Anti-war protesters were welcomed by the police and were appreciated for carrying out mostly peaceful demonstrations. Memories of violence from previous NATO summits meant police were not taking any chances. Metal barriers were used to prevent protesters from reaching the Celtic Manor resort, and police greatly outnumbered protesters.

An armoured personnel carrier, a tank and an F-35 life-sized model were on display in the Celtic Manor golf resort. A Ministry of Defence (MoD) spokesman said that the displays were intended to showcase British defence capability as well as the country's defence industry.

Eastern European NATO members, including Poland, have appealed to NATO to permanently station troops on their territory to deter possible Russian attack. But not all NATO members agreed with the idea. This is thought to be because of expenses involved and this move would likely breach a 1997 agreement with Russia under which NATO committed to not permanently station large combat forces close to the Russian border. Leaders have agree instead to provide caches of military equipment and resources, in eastern NATO countries with bases ready to receive the rapid reaction force in times needed.

NATO's top official accused Moscow on Thursday of attacking Ukraine, and escalating the conflict.
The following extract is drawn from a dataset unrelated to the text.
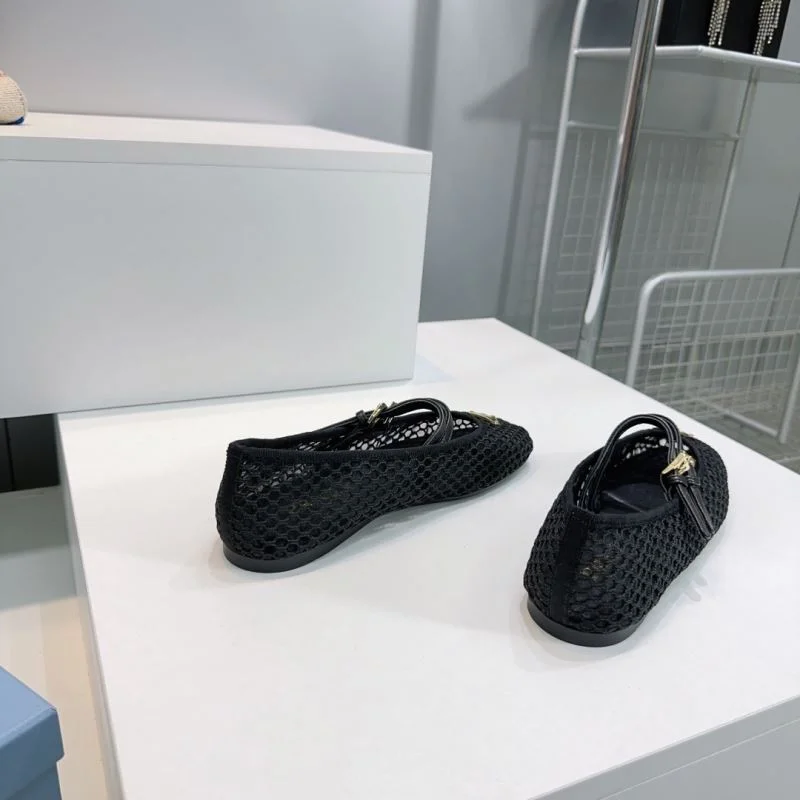 Efficient Prada Flat Shoes 34879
France is to suspend delivery of a state-of-the-art Mistral warship to Russia in protest at Moscow's continued role in unrest in eastern Ukraine. Speaking on the side lines of a NATO summit in Wales, Poroshenko said the ceasefire would be conditional on a planned meeting going ahead in Minsk on Friday of envoys from Ukraine, Russia and Europe's OSCE security watchdog. Poroshenko "At 1400 local time (12:00 noon BST on Friday), provided the (Minsk) meeting takes place, I will call on the General Staff to set up a bilateral ceasefire and we hope that the implementation of the peace plan will begin tomorrow," he told reporters. Oleg Tsaryov, a senior rebel official “in the past we had some ceasefire agreements Poroshenko didn't honour"
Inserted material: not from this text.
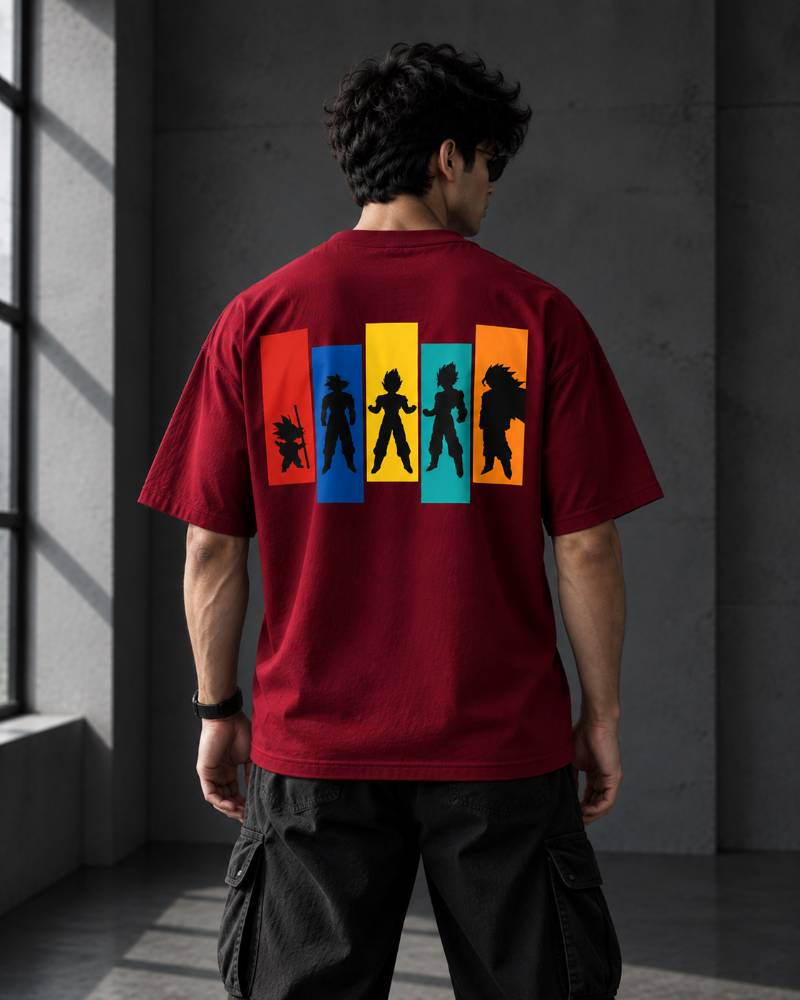Power Panels Tee 18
Prime Minister David Cameron has warned fellow NATO leaders that they must not pay the requested ransoms to terrorist kidnappers. It comes after he said Britain will not pay a ransom for the UK hostage who Islamic State extremists (IS) are threatening to kill. IS are threatening the life of British aid worker David Cawthorne Haines who has been taken hostage. Nato Secretary General Anders Fogh Rasmussen said: "I do believe the international community as a whole has an obligation to stop the Islamic State from advancing further."


How to stabilize Afghanistan when NATO forces leave at the year's end will also be up for discussion at the summit. Officials have commented that NATO leaders will set up a "spearhead" rapid reaction force, potentially including several thousand troops, that could be sent to a hotspot in as little as two days.